Apple are very good at engendering this feeling of components being somehow special because the whole customer experience - from purchasing, opening the box and using OSX feels elevated from the proles who suffer Windows, etc. You need only look at what they charge for memory upgrades. As I write this I have 32GB of Crucial RAM in my iMac, that would've cost hundreds via Apple, and shock horror it hasn't exploded. Were I to buy into the lie wholesale I would've specced it from new. Nowadays you don't have much of a choice anyway - my MacBook Pro is completely unserviceable by end users, with anything one might want to upgrade soldered in.

So yeah - Apples are nice to use, nice to look at and hold their value well (I got £450 for my 6 year old MBP), but they don't exist on a transcendental plane where components don't fail or are "better" (by what metric) than other non-Apple kit.

JustinP1

13,330 posts

230 months

Monday 29th September 2014
quotequote all
Durzel said:
Nowadays you don't have much of a choice anyway - my MacBook Pro is completely unserviceable by end users, with anything one might want to upgrade soldered in.
Hmm... That link is instructions of how an end user can replace the SSD.... smile

I know the RAMs fixed though. That's not though bloodymindedness though, that's simply because that's the only way to fit in all those gubbins into that space. If you start having user removable batteries, cased SSDs, and removable RAM slots, you need to have a much larger and certainly thicker case. That's the trade off.

Apart from that though, I agree with what you say. They don't make every component and the standard stuff is other manufacturers. The point being made is that their stuff is generally highly reliable, and where it is not, the fact that the item is sold at a higher price does impact on recourse under the SoGA.

Durzel

12,267 posts

168 months

Monday 29th September 2014
quotequote all
JustinP1 said:
Hmm... That link is instructions of how an end user can replace the SSD.... smile

I know the RAMs fixed though. That's not though bloodymindedness though, that's simply because that's the only way to fit in all those gubbins into that space. If you start having user removable batteries, cased SSDs, and removable RAM slots, you need to have a much larger and certainly thicker case. That's the trade off.

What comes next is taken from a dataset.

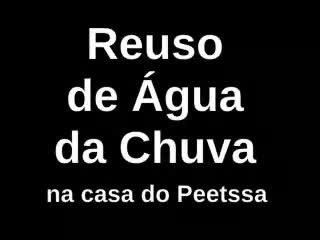 sistema de Reuso da água da cisterna na casa do Peetssa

Apart from that though, I agree with what you say. They don't make every component and the standard stuff is other manufacturers. The point being made is that their stuff is generally highly reliable, and where it is not, the fact that the item is sold at a higher price does impact on recourse under the SoGA.
Good points well made. smile

I'll concede that you can replace the SSD, though it's a lot harder now than it used to be. To be honest, the guide in question talks about having to be careful not to touch the logic board and I'd have grave concerns about even unscrewing the back (proprietary Pentalobe screws naturally) on something so tightly packed, but that's just me. I don't think I'd ever be comfortable doing it even from a "it'll probably be ok" point of view.